No hay día feliz sin su sonrisa y no existe preocupación mayor que su llanto. Ellos pueden fácilmente virar nuestro mundo al revés y paralizar cualquier trabajo por muy importante que sea.
Para un niño la imaginación será siempre una puerta abierta. Se prueban como doctores sin haber cursado estudios universitarios, se transforman en maestros, cocineros, artistas o imitan a mamá y papá.
Su felicidad es plena cuando se disfrazan o cuando le cantan una canción a un muñeco, o cuando creen fervientemente que sus garabatos en el papel es símbolo del sol, un perro o una casa.
El desvelo es un estado constante, con pinceladas de sobresalto. Para ellos, el orden es una utopía, pues nunca dejan de sorprender sus travesuras con juguetes, crayolas y cuantos objetos estén a su alcance.
El arte redimensionado es su especialidad. Cantan y bailan a conveniencia y exigen aplausos, sin importar preferencia. La pintura mural es otro talento, al exponer sus dibujos de sueños, preferentemente en las paredes de casa.
Cien veces los regaña y no se enteran, el nombre tampoco se gasta, es un hecho. Las respuestas ingeniosas y malabares paternos se conjugan diariamente para no perder la cordura y dar riendas sueltas a ese mundo de quimera, visibles en ese universo de sueños y fantasías.
Estos pequeños detalles son la felicidad para un niño.

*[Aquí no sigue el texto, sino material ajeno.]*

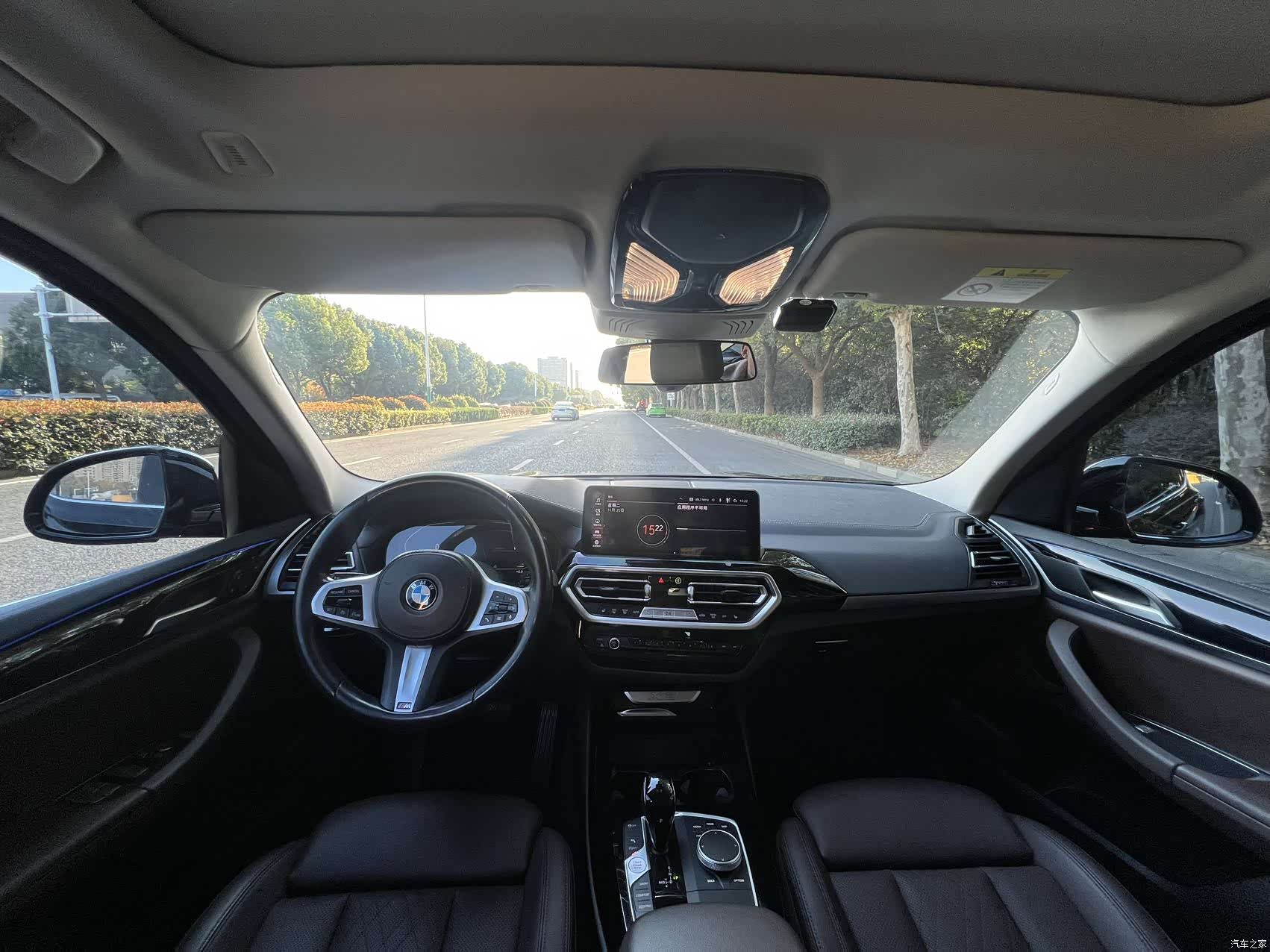 BMW X3, 2022 9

Vivir esas experiencias, compartir con ellos ese mundo del que alguna vez fuimos parte, hace florecer el corazón, revivir el alma.
Tener garantizados sus derechos a la vida, la supervivencia y el desarrollo, el respeto por su opinión y la no discriminación, son bondades que una Cuba regala a sus niños, quienes son maestros que vienen a enseñarnos con sus acciones y emociones; son una guía para nuestro despertar.